Bryan Murphy, general manager for Canadian Tire Retail (CTR) Online, currently uses E-Business on Demand and noted that the “pay-as-you-go” functionality is immediately appealing, especially considering the retailers’ peak usage is around the Christmas holiday season.

“I don’t want to have to worry about Web hosting,” Murphy said, adding that the utility model allows CTR to focus on its core business activities.

Vito Mabrucco, group vice-president, products and services research for Toronto-based research firm IDC Canada Ltd., noted that the utility computing trend is suited for customers who want faster ROI (return on investment), and “don’t want to be tied up in long term investments.”

The emerging trend is the enterprise that wishes to get away from managing complex IT infrastructure and wants to focus on core business needs, Mabrucco said.
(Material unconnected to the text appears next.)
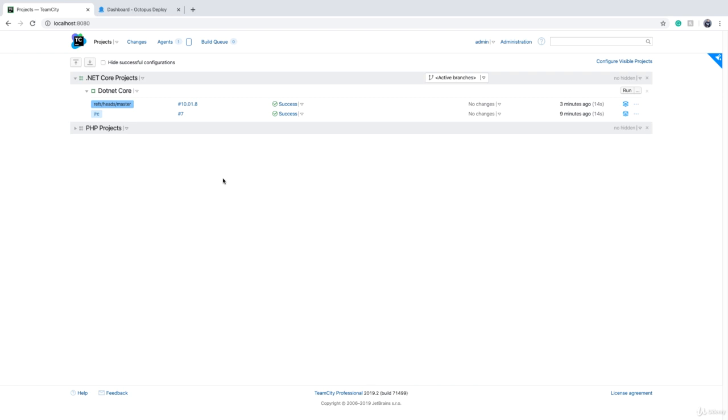I want to show you how we send our build artifact from TeamCity to Octopus Deploy. The first thing we need is a plugin to be installed on TeamCity so that it can connect to Octopus.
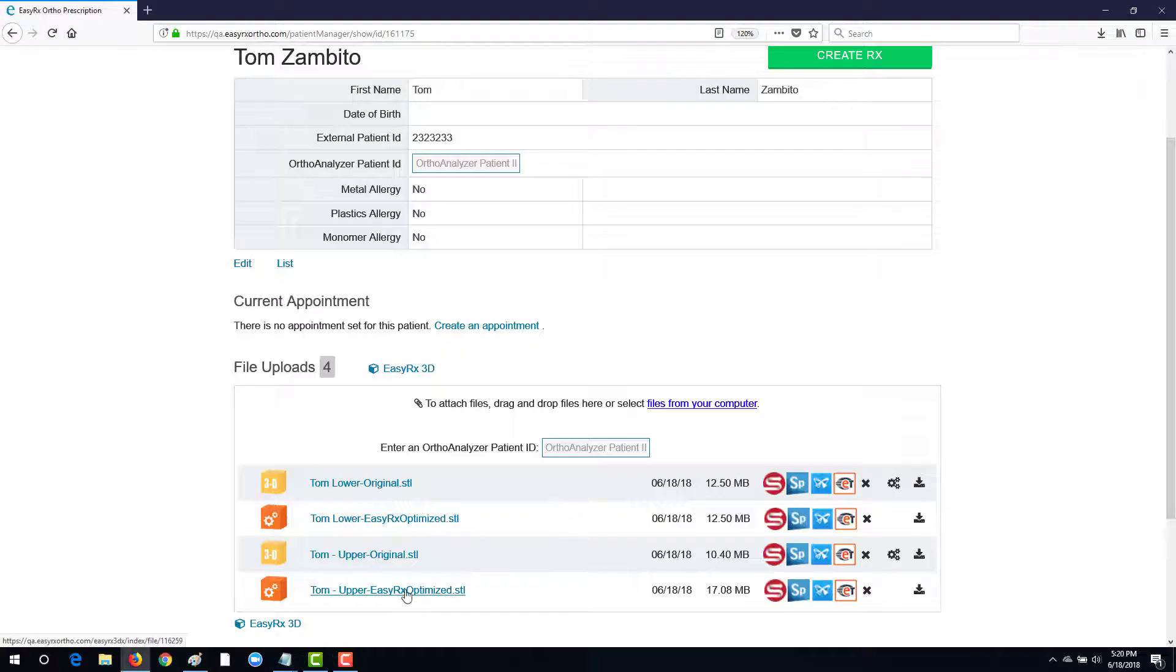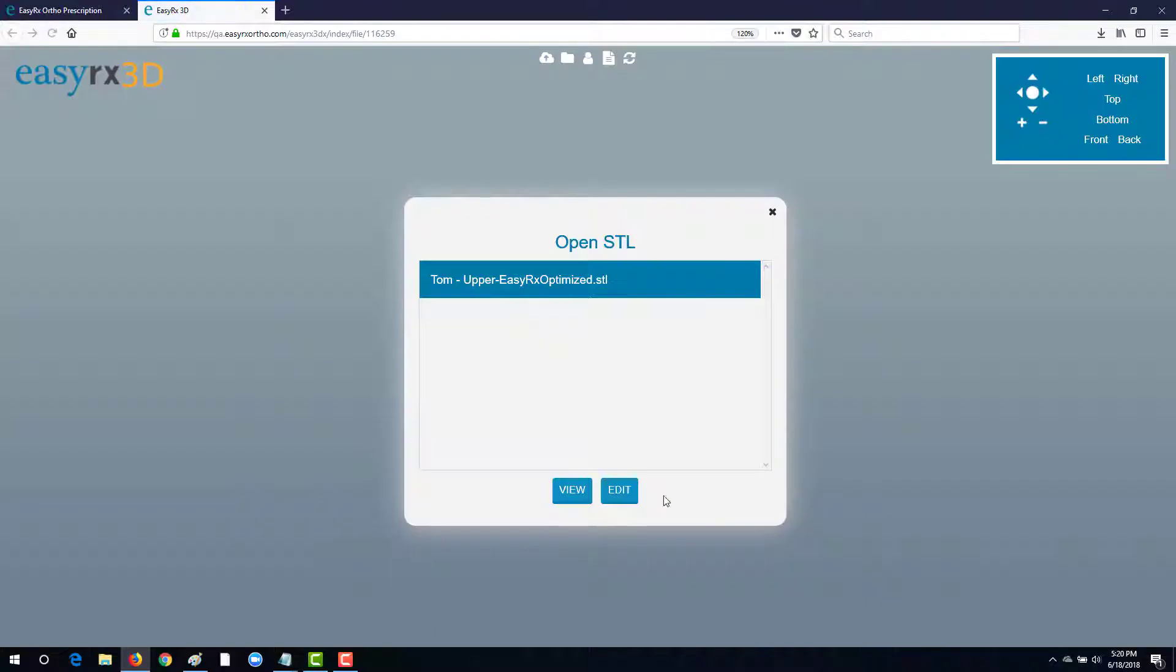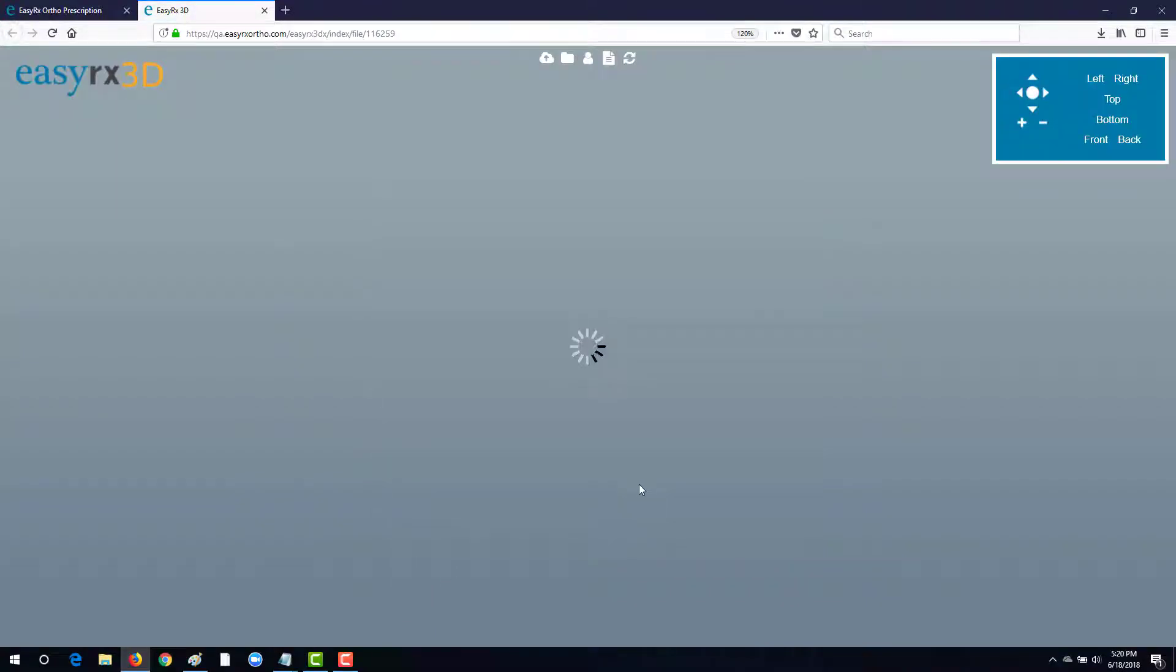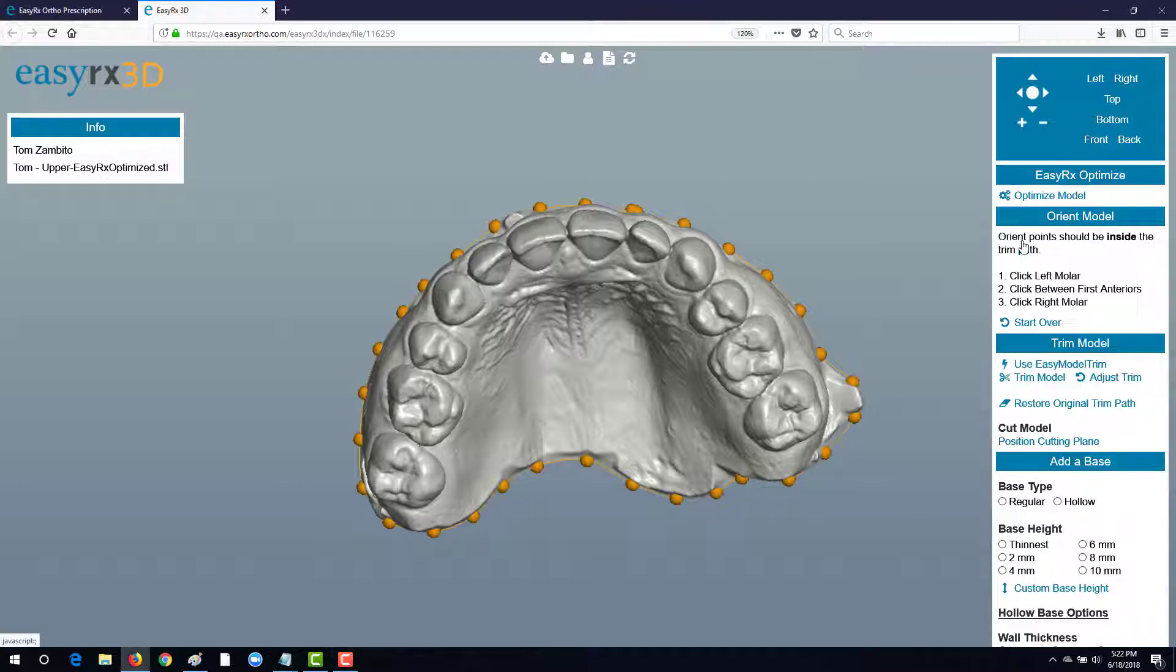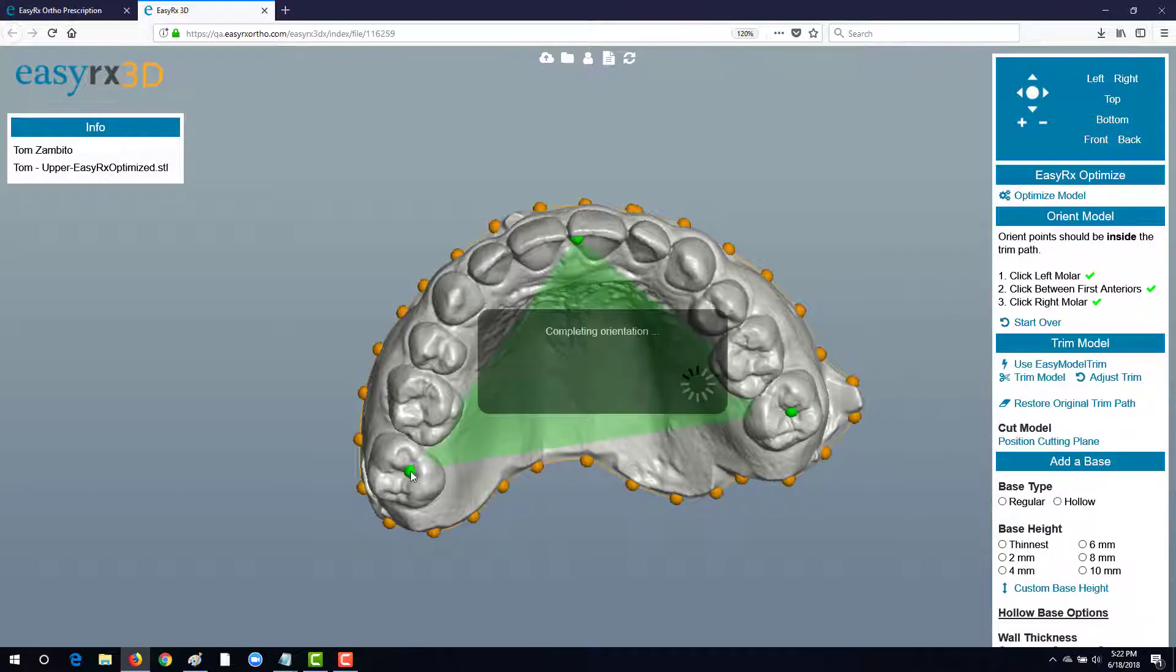Let's select the file to open up the 3D editor and begin editing. With the model open, we can first orient the model by following these simple instructions.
“In the utility model, a company purchases enterprise communications computing as a third-party provision and managed services rather than building and owning it themselves,” Mabrucco said.

Potential barriers to IBM’s initiative are the perceived risks, Mabrucco said, considering that e-sourcing means giving more functionality to a third party.

“If things go wrong, who pays the price? Who assumes the risk and to what degree?” Mabrucco offered.

However, he said services such as the IBM offering are not a “fad”, and should have staying power as companies look to cut costs and leverage e-business.

“It’s like buying telephone service, electricity, or other utilities – simple, cost-effective and in the background,” Mabrucco said.